### DATA FOR THIS TASK

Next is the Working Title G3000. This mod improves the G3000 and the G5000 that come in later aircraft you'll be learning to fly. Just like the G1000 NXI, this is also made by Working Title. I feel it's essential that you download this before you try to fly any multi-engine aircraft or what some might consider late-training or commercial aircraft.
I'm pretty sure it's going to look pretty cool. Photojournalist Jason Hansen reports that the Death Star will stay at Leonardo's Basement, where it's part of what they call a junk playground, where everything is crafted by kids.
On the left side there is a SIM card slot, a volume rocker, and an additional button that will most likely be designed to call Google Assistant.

...

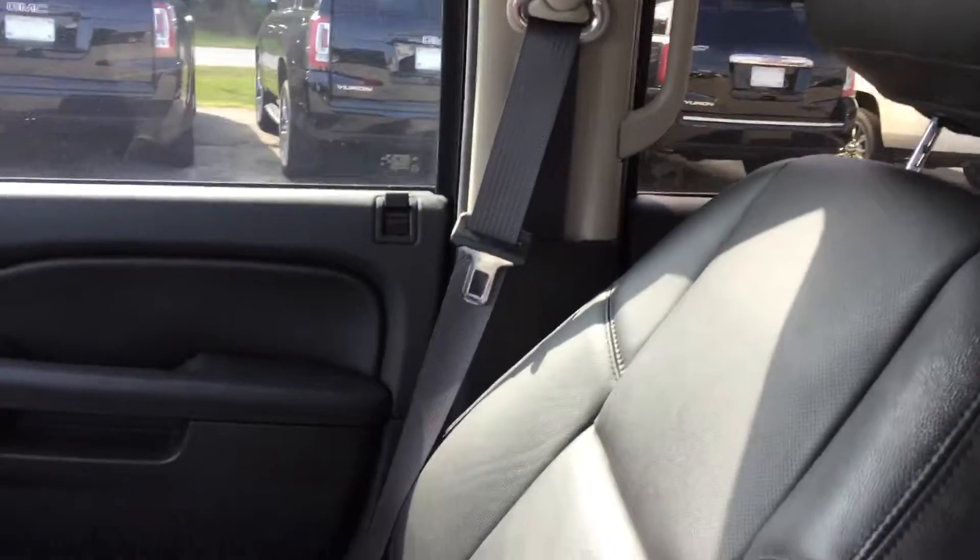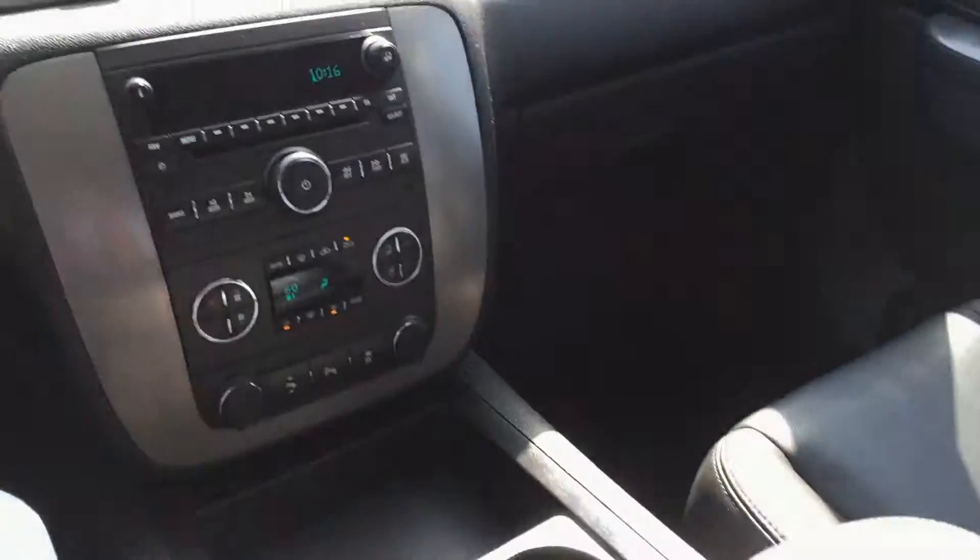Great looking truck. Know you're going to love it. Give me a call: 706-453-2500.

### ABOUT THIS TASK
In the entries above, find the line holding "Next is the" and the line holding "On the left"; print both of them and every line between, exactly, and nothing else.

### RESPONSE FOR THIS EXERCISE
Next is the Working Title G3000. This mod improves the G3000 and the G5000 that come in later aircraft you'll be learning to fly. Just like the G1000 NXI, this is also made by Working Title. I feel it's essential that you download this before you try to fly any multi-engine aircraft or what some might consider late-training or commercial aircraft.
I'm pretty sure it's going to look pretty cool. Photojournalist Jason Hansen reports that the Death Star will stay at Leonardo's Basement, where it's part of what they call a junk playground, where everything is crafted by kids.
On the left side there is a SIM card slot, a volume rocker, and an additional button that will most likely be designed to call Google Assistant.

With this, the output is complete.